When a race condition would exist with different values for x and y, what guarantees that read of a shared variable (normal, non atomic) cannot see such values?
Can not-executed if bodies create self-fulfilling conditions that lead to a data-race?
The text of your question seems to be missing the point of the example and out-of-thin-air values. Your example does not contain data-race UB. (It might if x or y were set to 42 before those threads ran, in which case all bets are off and the other answers citing data-race UB apply.)
There is no protection against real data races, only against out-of-thin-air values.
I think you're really asking how to reconcile that mo_relaxed example with sane and well-defined behaviour for non-atomic variables. That's what this answer covers.
The note is pointing out a hole in the atomic mo_relaxed formalism, not warning you of a real possible effect on some implementations.
This gap does not (I think) apply to non-atomic objects, only to mo_relaxed.
They say However, implementations should not allow such behavior. – end note]. Apparently the standards committee couldn't find a way to formalize that requirement so for now it's just a note, but is not intended to be optional.

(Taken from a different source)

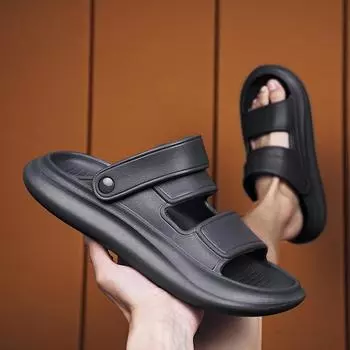 Summer Thick-soled Soft Elastic Comfortable Sandals Men s Indoor and Outdoor Casual Slippers Two-wear All-match Non-slip Sandals 40-41 чёрный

It's clear that even though this isn't strictly normative, the C++ standard intends to disallow out-of-thin-air values for relaxed atomic (and in general I assume). Later standards discussion, e.g. 2018's p0668r5: Revising the C++ memory model (which doesn't "fix" this, it's an unrelated change) includes juicy side-nodes like:
We still do not have an acceptable way to make our informal (since C++14) prohibition of out-of-thin-air results precise. The primary practical effect of that is that formal verification of C++ programs using relaxed atomics remains unfeasible. The above paper suggests a solution similar to http://www.open-std.org/jtc1/sc22/wg21/docs/papers/2013/n3710.html . We continue to ignore the problem here ...

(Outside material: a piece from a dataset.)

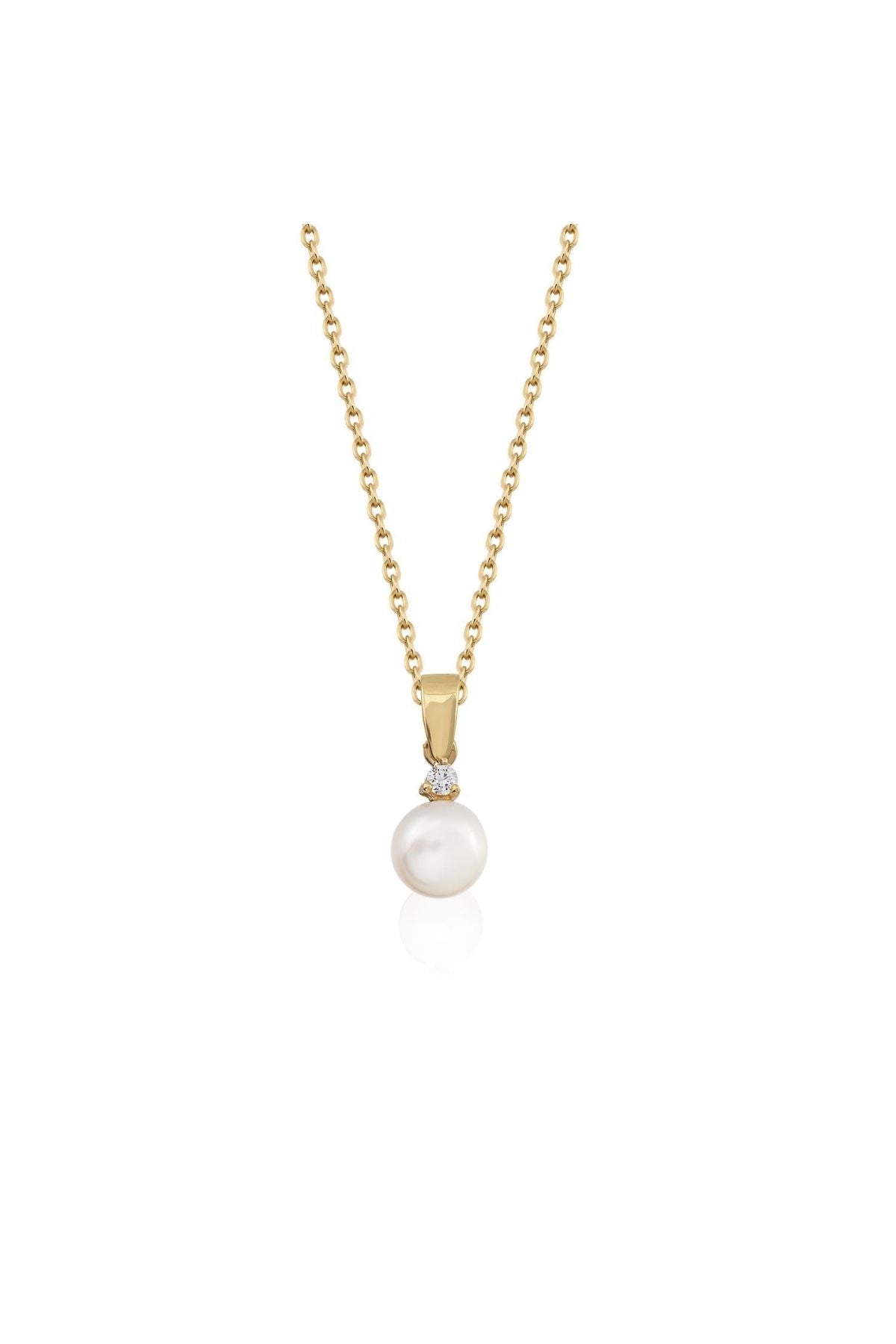Three Pronged Diamond Natural Pearl Necklace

So yes, the normative parts of the standard are apparently weaker for relaxed_atomic than they are for non-atomic. This seems to be an unfortunately side effect of how they define the rules.
AFAIK no implementations can produce out-of-thin-air values in real life.
Later versions of the standard phrase the informal recommendation more clearly, e.g. in the current draft: https://timsong-cpp.github.io/cppwp/atomics.order#8
Implementations should ensure that no “out-of-thin-air” values are computed that circularly depend on their own computation.
...
[ Note: The recommendation [of 8.] similarly disallows r1 == r2 == 42 in the following example, with x and y again initially zero:
// Thread 1:
r1 = x.load(memory_order::relaxed);
if (r1 == 42) y.store(42, memory_order::relaxed);
// Thread 2:
r2 = y.load(memory_order::relaxed);
if (r2 == 42) x.store(42, memory_order::relaxed);
— end note ]
(This rest of the answer was written before I was sure that the standard intended to disallow this for mo_relaxed, too.)
I'm pretty sure the C++ abstract machine does not allow r1 == r2 == 42.
Every possible ordering of operations in the C++ abstract machine operations leads to r1=r2=0 without UB, even without synchronization. Therefore the program has no UB and any non-zero result would violate the "as-if" rule.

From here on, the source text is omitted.